The research team includes members from Tohoku University’s Graduate School of Engineering, the Centre for Transformative Garment Production at Hong Kong Science Park, and the University of Hong Kong.

About this AI and robotics research news

Author: Public Relations
Source: Tohoku University
Contact: Public Relations, Tohoku University
Image: Image credit: Neuroscience News

Original Research: Open access. “TactileAloha: Learning Bimanual Manipulation with Tactile Sensing” by Mitsuhiro Hayashibe et al., IEEE Robotics and Automation Letters.

Abstract

TactileAloha: Learning Bimanual Manipulation with Tactile Sensing

Tactile texture is critical for many manipulation tasks but is difficult to observe reliably with cameras alone. To address this, we present TactileAloha: an integrated tactile-vision robotic system based on the ALOHA teleoperation platform. A gripper-mounted tactile sensor captures fine-grained contact information and supports real-time visualization during teleoperation to facilitate efficient data collection.

We encode tactile signals using a pre-trained ResNet and fuse them with visual and proprioceptive features.

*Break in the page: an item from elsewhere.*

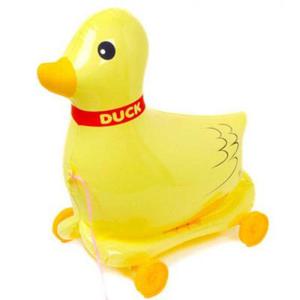 산책풍선 풍선장난감 오리 끌고다니는 풍선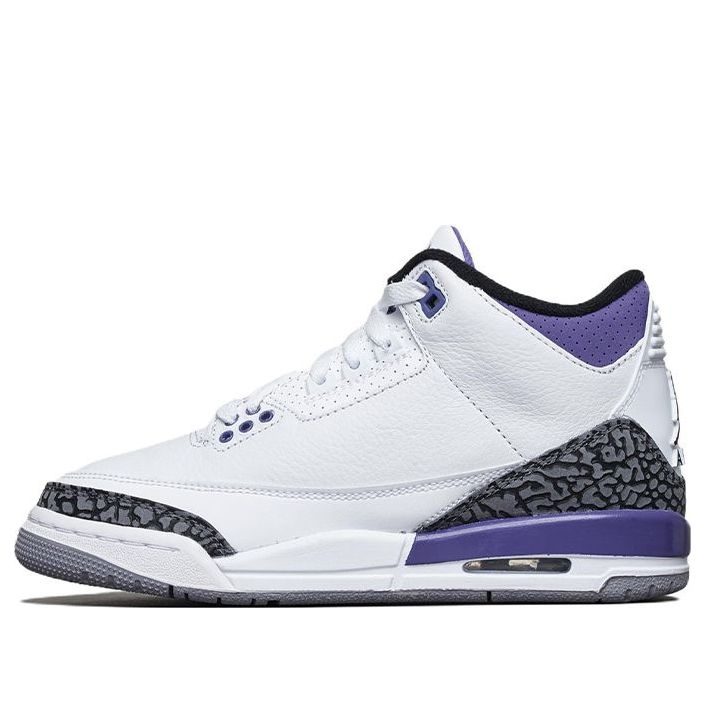 (GS) Air Jordan 3 Retro 'Dark Iris' DM0967-105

A transformer-based policy with action chunking processes the combined observations to predict future actions. Training uses a weighted loss that emphasizes near-future actions, and deployment employs an improved temporal aggregation scheme to increase action accuracy.

We evaluate on two bimanual tasks—zip tie insertion and Velcro fastening—both of which require perceiving texture and aligning object orientations using two hands. Our method systematically adapts generated manipulation sequences in response to tactile sensing. Results demonstrate that incorporating tactile information enables successful handling of texture-related tasks that vision-only methods cannot address and yields an average relative performance improvement of approximately 11.0% over a state-of-the-art tactile baseline.